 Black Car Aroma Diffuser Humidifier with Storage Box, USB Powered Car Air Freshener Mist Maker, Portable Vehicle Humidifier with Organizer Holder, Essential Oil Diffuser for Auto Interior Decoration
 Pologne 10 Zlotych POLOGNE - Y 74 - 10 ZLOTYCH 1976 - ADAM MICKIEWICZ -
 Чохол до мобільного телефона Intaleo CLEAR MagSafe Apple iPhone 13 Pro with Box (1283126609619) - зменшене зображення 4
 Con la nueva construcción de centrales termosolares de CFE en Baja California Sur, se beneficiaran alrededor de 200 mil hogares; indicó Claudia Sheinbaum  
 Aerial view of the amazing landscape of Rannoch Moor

◆ ◆ ◆ ◆

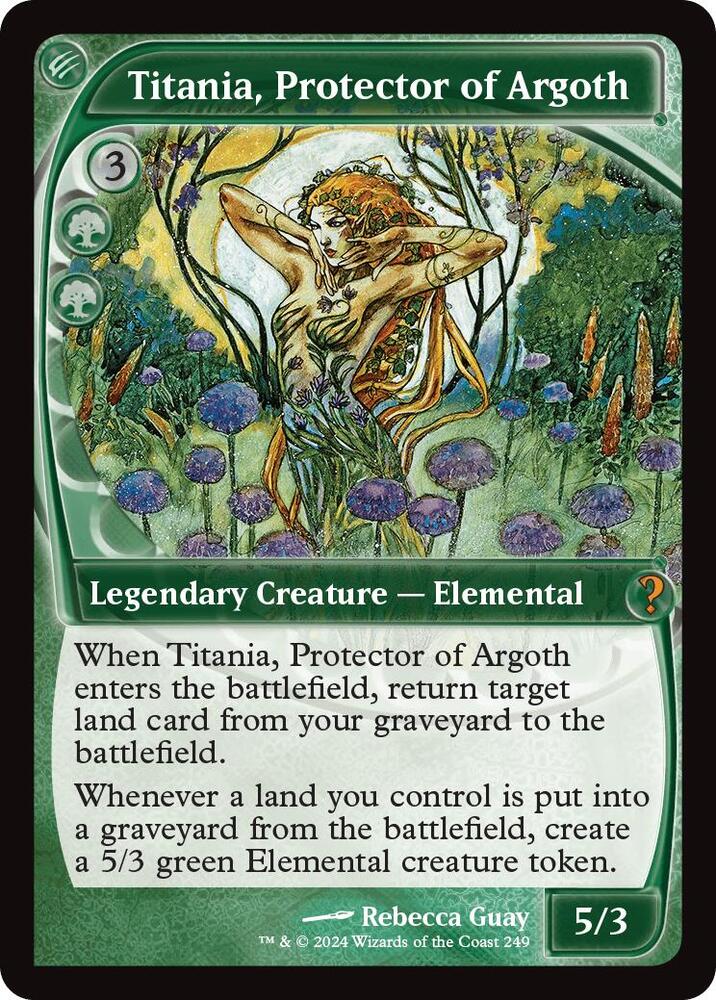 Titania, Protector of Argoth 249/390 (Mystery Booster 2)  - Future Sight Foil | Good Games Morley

◆ ◆ ◆ ◆

**What you will do:** The required output is every line above from the one with "Black Car Aroma" down to the one with "Aerial view of", restated word for word, ends included.

**Result below:**
 Black Car Aroma Diffuser Humidifier with Storage Box, USB Powered Car Air Freshener Mist Maker, Portable Vehicle Humidifier with Organizer Holder, Essential Oil Diffuser for Auto Interior Decoration
 Pologne 10 Zlotych POLOGNE - Y 74 - 10 ZLOTYCH 1976 - ADAM MICKIEWICZ -
 Чохол до мобільного телефона Intaleo CLEAR MagSafe Apple iPhone 13 Pro with Box (1283126609619) - зменшене зображення 4
 Con la nueva construcción de centrales termosolares de CFE en Baja California Sur, se beneficiaran alrededor de 200 mil hogares; indicó Claudia Sheinbaum  
 Aerial view of the amazing landscape of Rannoch Moor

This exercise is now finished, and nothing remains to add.